WHAT YOU SHOULD DO: Print each line exactly, from the one with "Kompletní sortiment vysoce" to the very last line of the listing, and keep the pictures out.

DATA BLOCK:

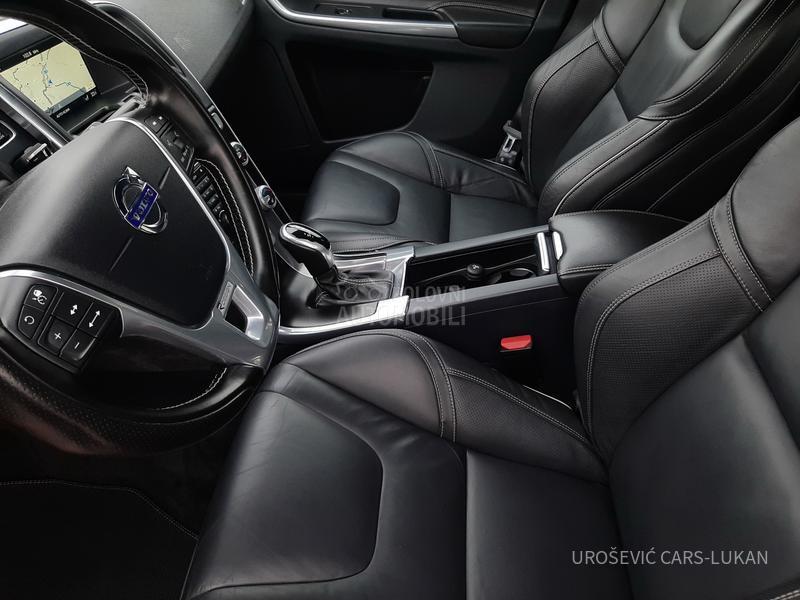 Volvo XC60 D4 AWD Rdesign CH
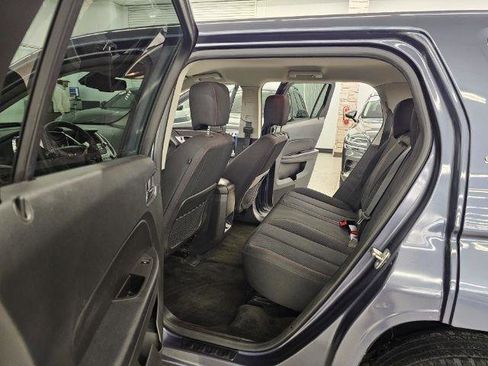 Used 2013 GMC Terrain SLE FWD image 28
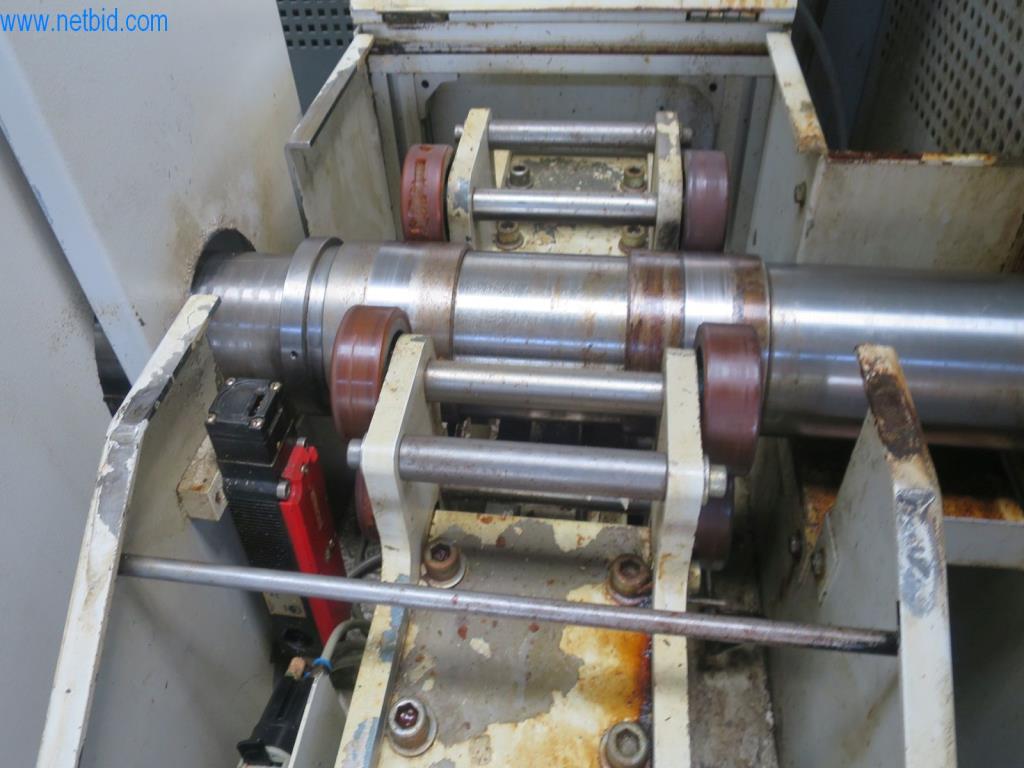 Kompletní sortiment vysoce kvalitních CNC obráběcích strojů-16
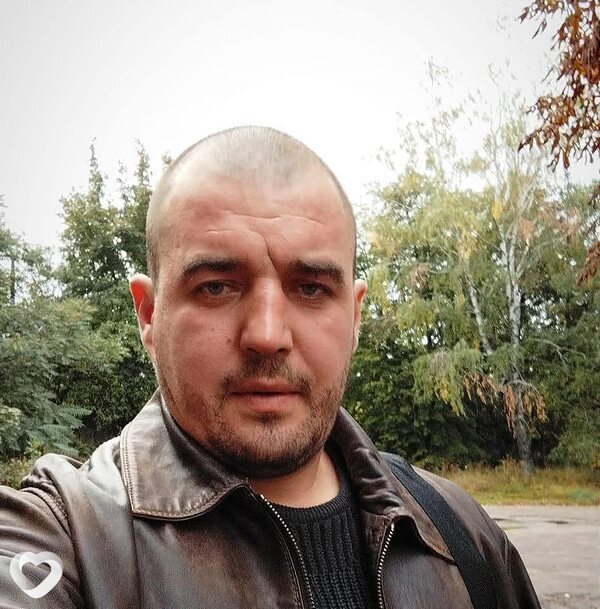 Вадим, 41, Кропивницкий — анкета №1635302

REPLY TO THE TASK:
 Kompletní sortiment vysoce kvalitních CNC obráběcích strojů-16
 Вадим, 41, Кропивницкий — анкета №1635302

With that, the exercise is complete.